Geography of Delhi

By Ankita Sharma

Delhi is located at 23.38 degree north and 77.13 degree east in the Northern part of India and bounded by Haryana State on the Northwest and South, Rajasthan state on the Southwest and Uttar Pradesh state on the east. The metropolis city is demarcated into three parts with the Gangetic plains forming the major part, the Yamuna flood plain and the Delhi ridge. The flood plain is filled with rich and fertile alluvial soil that makes agriculture suitable around that area but the flood line can sometimes reach a massive height of 318 metres destroying crops around it. The ridge is seen dominating and originating from the Aravalli Hill range encircling the south through to the west, northwest and northeast region of the city while the sacred Yamuna River flows through Delhi and the Hindon River separates Ghaziabad towards the eastern region of Delhi and it is well connected with road bridges and Metro Subways across the Yamuna River.

Delhi covers an area of 1484 Sq. Km. out of which 783 Sq. Km. is under the rural and 700 Sq. Km. is under the urban section. The land stretches about 51.9 km long and 48.48 km wide. The region falls under the seismic zone IV which makes it prone to earthquakes; however, the city has not witnessed any major earthquake as such but certain trembles have been experienced because of earthquakes in Gujarat and neighbouring places.

The concept of creating a National Capital Region was planned back in 1962 with the aim to develop a metropolitan section in order to divert increasing population to those areas and to protect the infrastructure of the city from excessive planned development.

Four states were pooled in to form a part of the National Capital Region or NCR of India which is the National Capital Territory of Delhi or NCT that covers 1483 Sq. Km., Haryana that contributed to 13413 Sq. Km. of area, Uttar Pradesh that contributed to 10853 Sq. Km. of area and Rajasthan that contributed to 7829 Sq. Km. of area.

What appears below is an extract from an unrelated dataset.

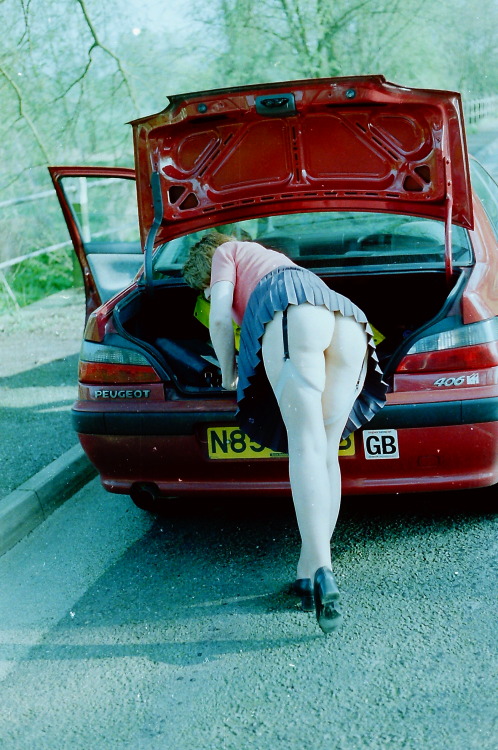 cjb528i:  Wife showing off to the lorry drivers 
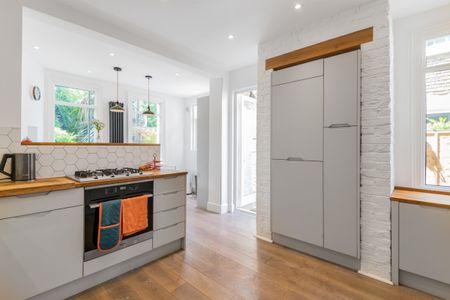 Sternhold Avenue, London, SW2 - Photo 4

NCT lies in the centre of NCR that consists of Old Delhi, New Delhi and the central seat of the government of India with a population of 13,782,976 people making it the largest populated area in the entire NCR. NCR region of Haryana constitutes of Faridabad, Gurgaon and Sonepat which is going to soon be a part of NCR and developments are in a fast track mode. They bound NCT on the west and south and form the northern and western part of NCR. The NCR region of Rajasthan does not share boundaries with Delhi but constitutes of Alwar that forms the southwest core part of NCR. While Uttar Pradesh forms the major part of the eastern portion of NCR and is bounded by Delhi on the east that constitutes of Ghaziabad and the Gautam Buddha Nagar area curved out of Noida and Greater Noida.

Delhi does not follow any specific pattern geographically and it is widely erratic. It transforms from agricultural fields in the north to the dry parched hills which branches out of the Aravalli Hills of Rajasthan in the south. To explain its boundaries in a better way, the extreme end spans from Sarup Nagar in the northern part to Rajorki in the southern part. Towards the extreme west is Najafgarh and extreme east is the holy Yamuna River, Shahdara and Bhajanpura which are major shopping centres. The main city of Delhi ends in Saket on the south and central northern area is Connaught Place whilst the western boundary limits at National Highway – 8.